Es justamente ahí donde se vuelve fundamental visibilizar la asimetría estructural. Como sostiene Muzzin (2019)[1], “uno de los argumentos más poderosos para evidenciar la desigualdad de poder entre hombres y mujeres ha sido, y sigue siendo, el de los “privilegios” que diversas culturas otorgan a los hombres por el solo hecho de serlo.”
Nombrar esos privilegios no niega el dolor del varón, pero sí impide que ese dolor se convierta en coartada. Porque no se trata de quién sufrió, sino de quién tuvo -y usó- poder sobre otros cuerpos.

Por eso no alcanza con decir “fui víctima de un sistema patriarcal”: lo urgente es que pueda decir “fui formado en un sistema violento, tuve privilegios que otros no, y desde ahí dañé”. Solo entonces puede asumir que su responsabilidad no nace del sufrimiento, sino del uso que hizo de su lugar en la estructura.
Porque la transformación no empieza cuando el varón siente, sino cuando se hace cargo. Y no de su herida: de su poder. De su capacidad de dañar. De su decisión de no hacerlo más.

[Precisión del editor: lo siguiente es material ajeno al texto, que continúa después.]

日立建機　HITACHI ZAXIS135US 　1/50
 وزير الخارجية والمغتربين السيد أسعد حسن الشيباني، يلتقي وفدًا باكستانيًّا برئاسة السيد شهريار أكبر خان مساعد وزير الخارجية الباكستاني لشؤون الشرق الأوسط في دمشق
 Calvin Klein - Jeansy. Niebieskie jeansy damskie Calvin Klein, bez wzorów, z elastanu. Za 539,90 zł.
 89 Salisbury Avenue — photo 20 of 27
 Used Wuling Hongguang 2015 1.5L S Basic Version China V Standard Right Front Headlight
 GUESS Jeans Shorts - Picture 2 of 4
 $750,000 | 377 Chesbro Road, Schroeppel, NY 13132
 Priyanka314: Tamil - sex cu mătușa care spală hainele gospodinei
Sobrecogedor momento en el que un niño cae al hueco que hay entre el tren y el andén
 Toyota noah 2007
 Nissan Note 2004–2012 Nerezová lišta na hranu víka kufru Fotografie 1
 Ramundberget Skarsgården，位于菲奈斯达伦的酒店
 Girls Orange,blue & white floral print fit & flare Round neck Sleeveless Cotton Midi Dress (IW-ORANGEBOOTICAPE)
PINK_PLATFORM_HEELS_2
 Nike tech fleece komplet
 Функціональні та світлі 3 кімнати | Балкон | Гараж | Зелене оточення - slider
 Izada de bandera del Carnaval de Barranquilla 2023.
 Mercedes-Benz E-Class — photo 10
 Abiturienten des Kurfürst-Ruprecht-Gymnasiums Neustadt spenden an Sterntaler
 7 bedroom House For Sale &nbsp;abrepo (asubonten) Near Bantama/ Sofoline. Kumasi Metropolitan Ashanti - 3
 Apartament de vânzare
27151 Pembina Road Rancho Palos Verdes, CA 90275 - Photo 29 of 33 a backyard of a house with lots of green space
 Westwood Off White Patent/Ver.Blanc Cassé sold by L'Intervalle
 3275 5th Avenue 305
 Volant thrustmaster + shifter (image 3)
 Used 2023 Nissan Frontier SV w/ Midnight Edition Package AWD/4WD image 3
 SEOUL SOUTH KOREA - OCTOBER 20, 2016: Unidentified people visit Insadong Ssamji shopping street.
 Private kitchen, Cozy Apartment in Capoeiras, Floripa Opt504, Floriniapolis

(*) Abogado litigante en CABA y Provincia de Buenos Aires. Diplomado en violencia económica. Coordinador de dispositivos grupales para varones que ejercen violencia en Asociación Pablo Besson y Municipalidad de Avellaneda. Coordinador de laboratorio de abordaje integral de las violencias en Asoc. Pablo Besson.
Miembro de Retem. (Red de equipos de trabajo y estudio en masculinidades). Integrante de equipo interdisciplinario en evaluación de riesgo y habilidades parentales para revincular o coparentalidad (Asociaciòn Pablo Besson)
Referencia
[1] Muzzin Anibal, en Intervenciones en Violencia Masculina. Editorial Dunken. Buenos Aires, 2019 pág. 84.